Top of PROVIDED RECORDS
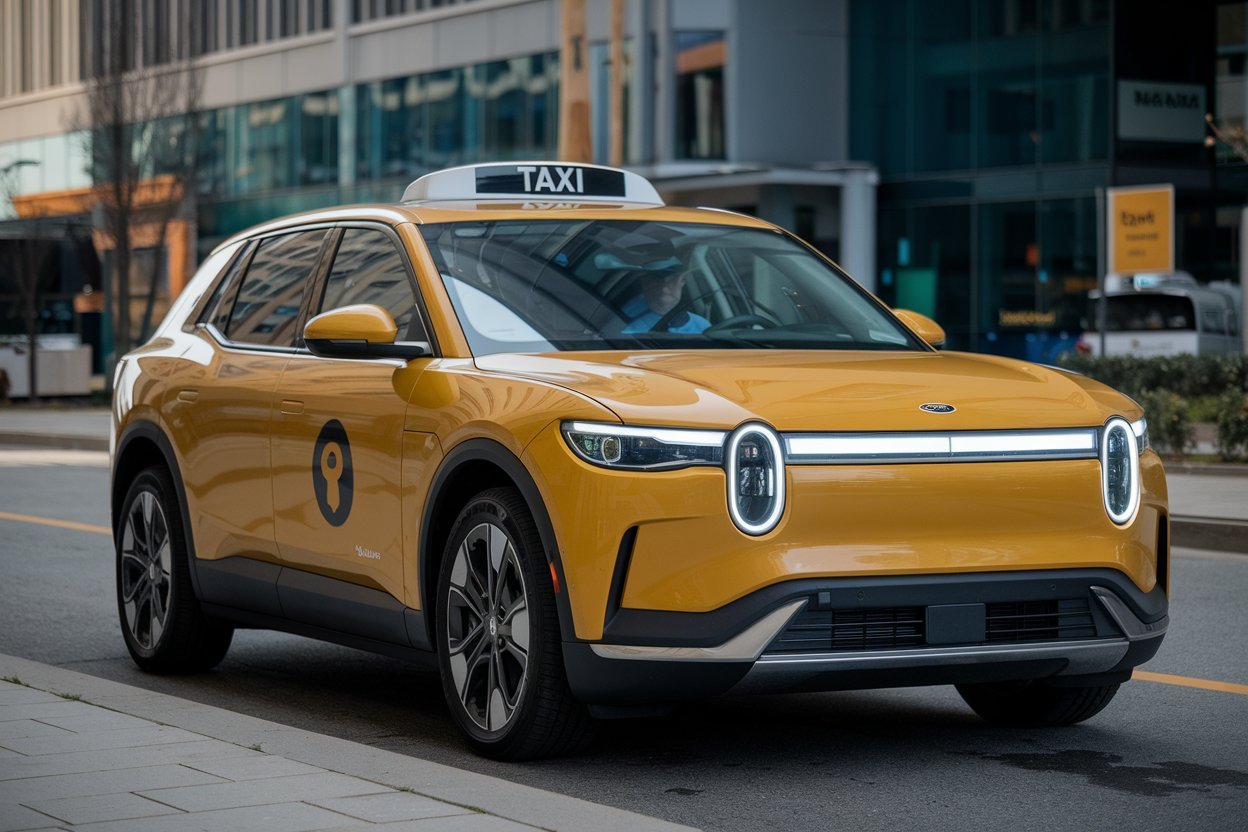 Hamburgs E-Taxi-Zwang? Stadt verbannt Neue Verbrenner-Taxis Ab 2025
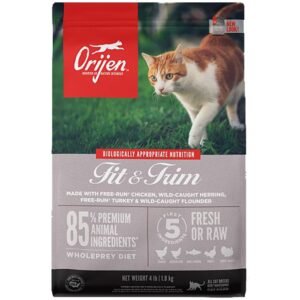 Orijen Guardian Fit & Trim Dry Cat Food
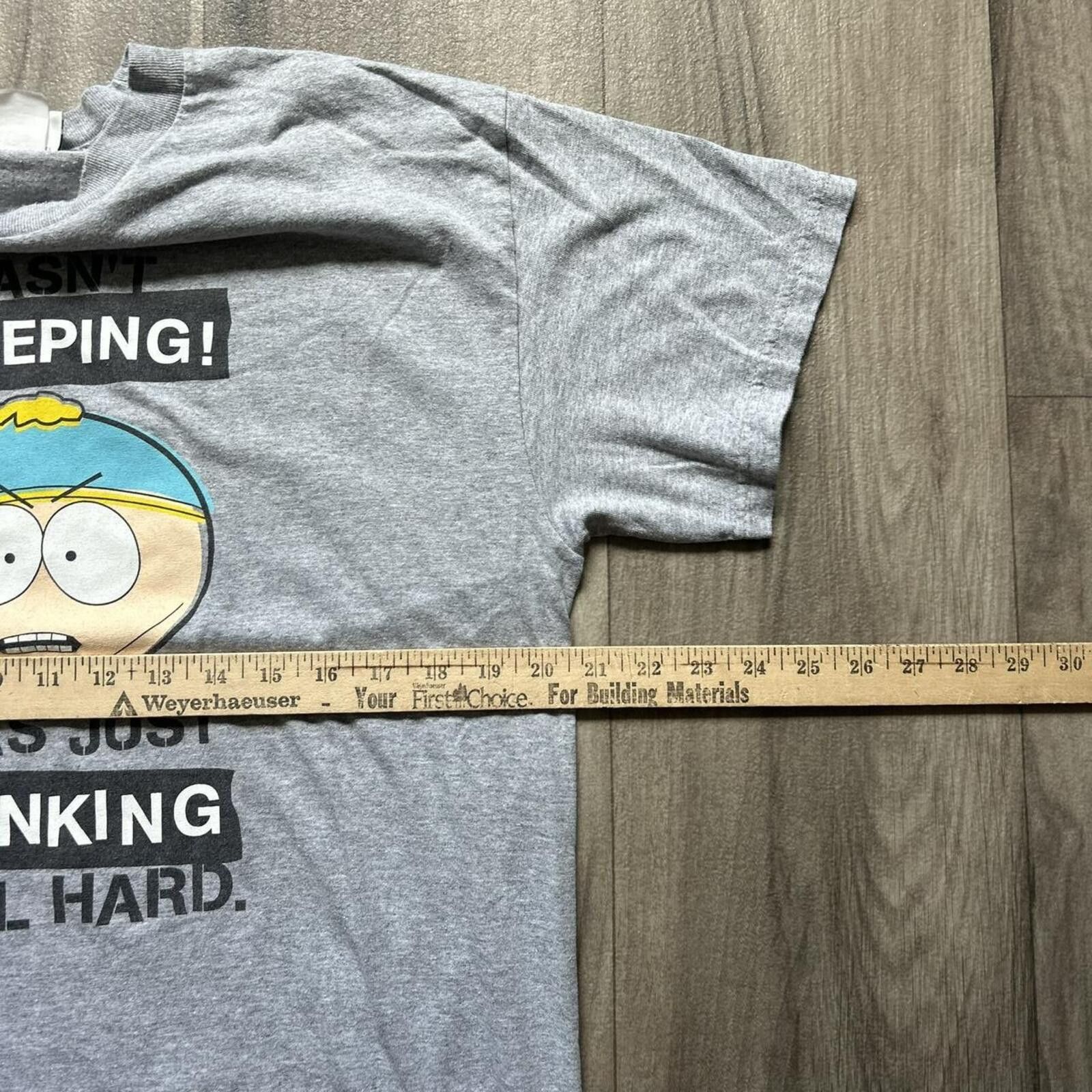 Other Vintage South Park Cartoon grey t shirt Comedy Central L Size US L / EU 52-54 / 3 - 6 Thumbnail
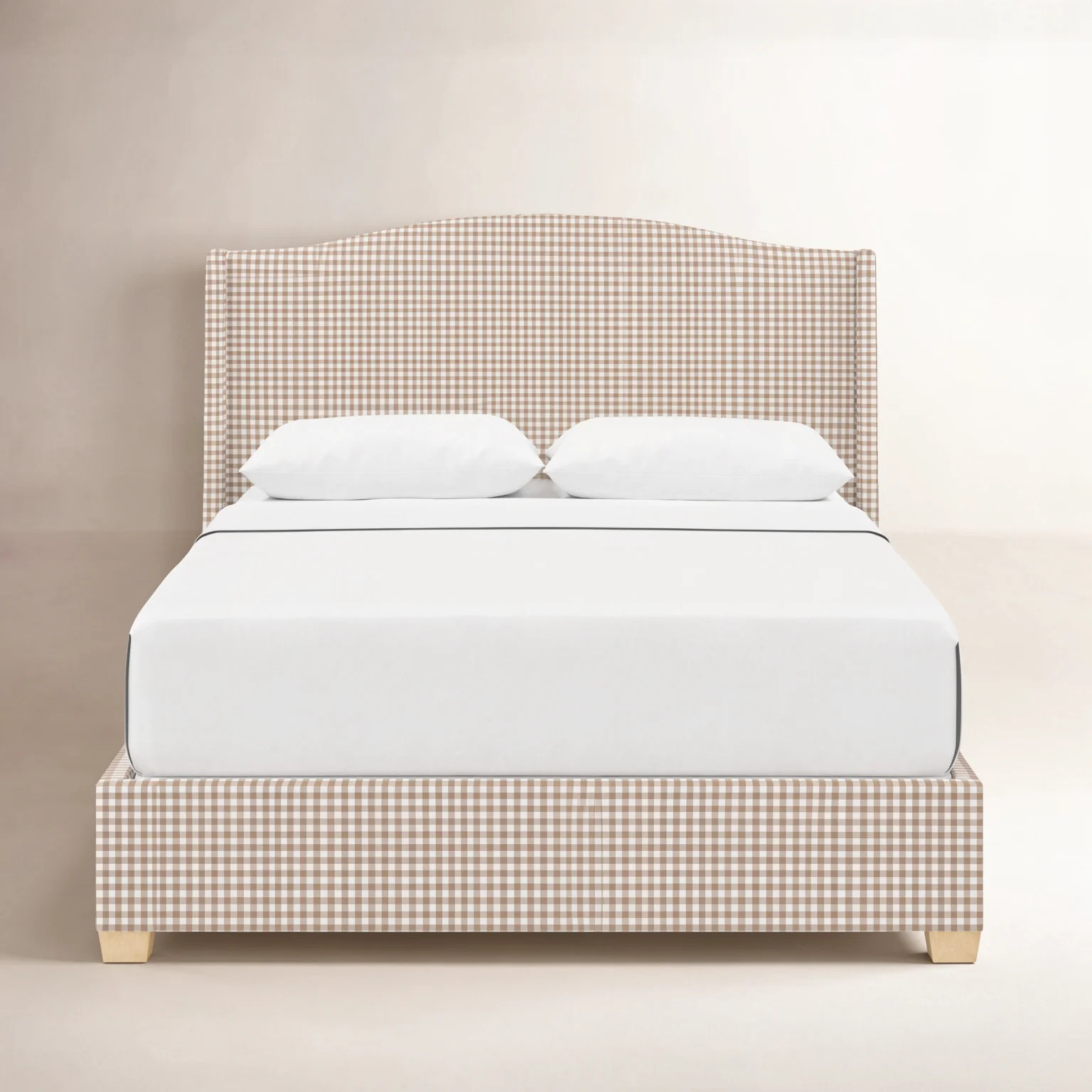 Allis Upholstered Low Profile Standard Bed | Birch Lane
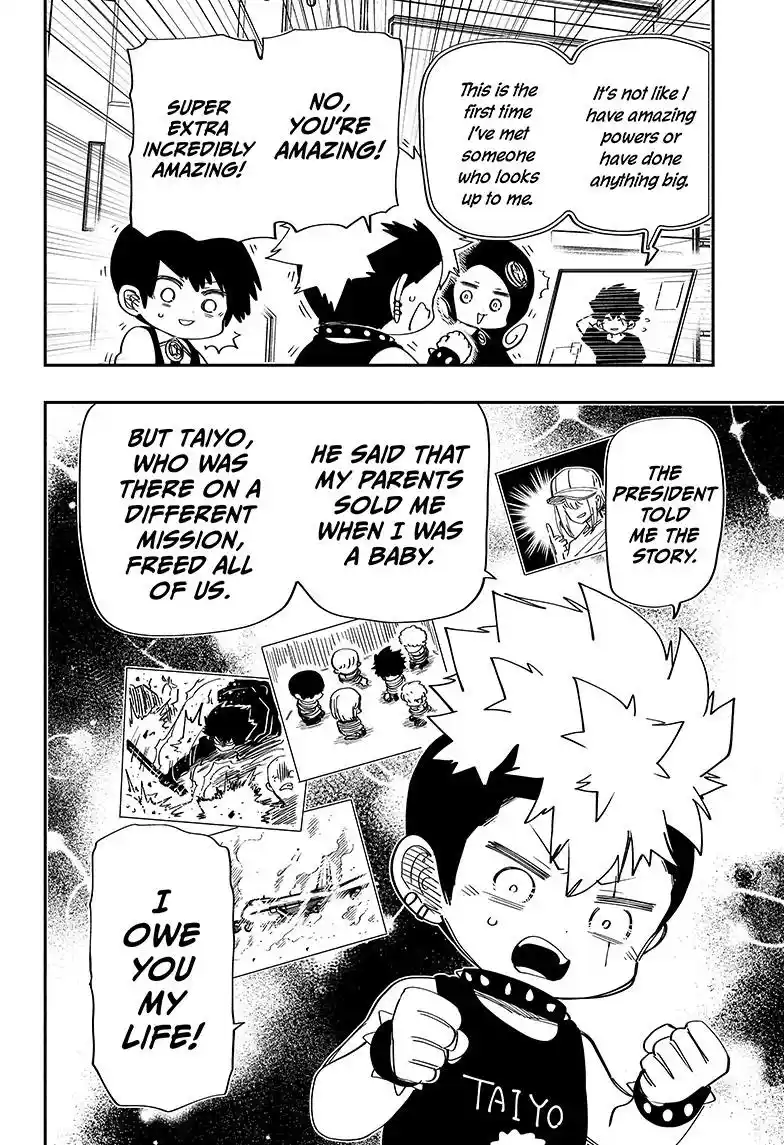 Mission: Yozakura Family Chapter 180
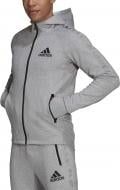 Джемпер Adidas M MT FZ HD H28797 р. XL серый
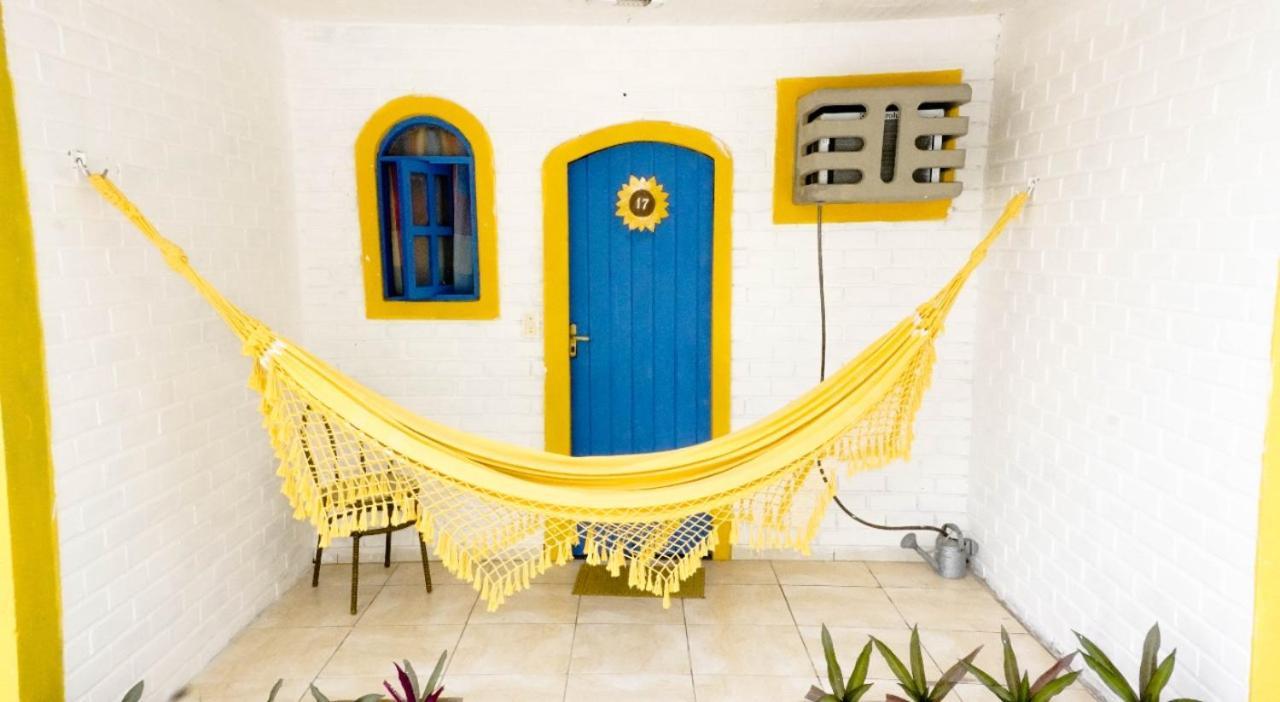 Quarto Triplo com Vista do Jardim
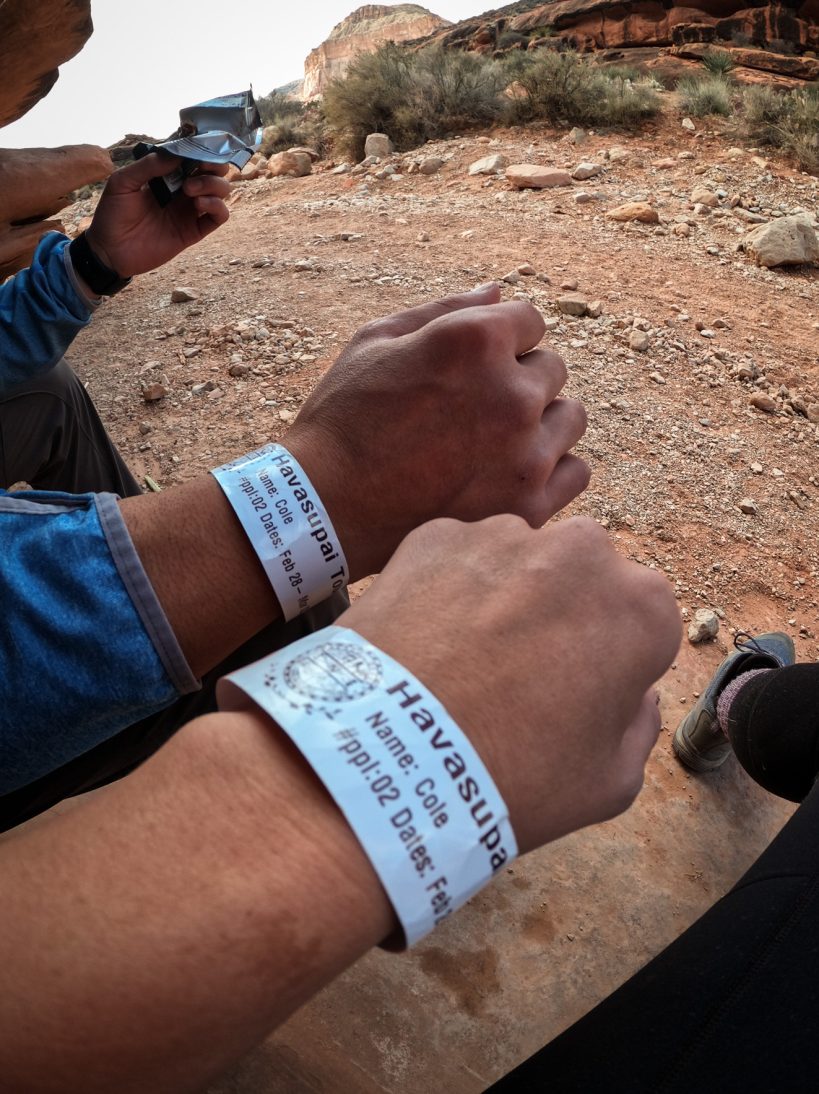 Havasupai Falls Wristbands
Bottom of PROVIDED RECORDS
**YOUR TASK**
Every line between the one containing "Джемпер Adidas M MT FZ HD H28797 р. XL серый" and the last line of the data above, both included, should be copied exactly, but not the pictures.

**ANSWER**
 Джемпер Adidas M MT FZ HD H28797 р. XL серый
 Quarto Triplo com Vista do Jardim
 Havasupai Falls Wristbands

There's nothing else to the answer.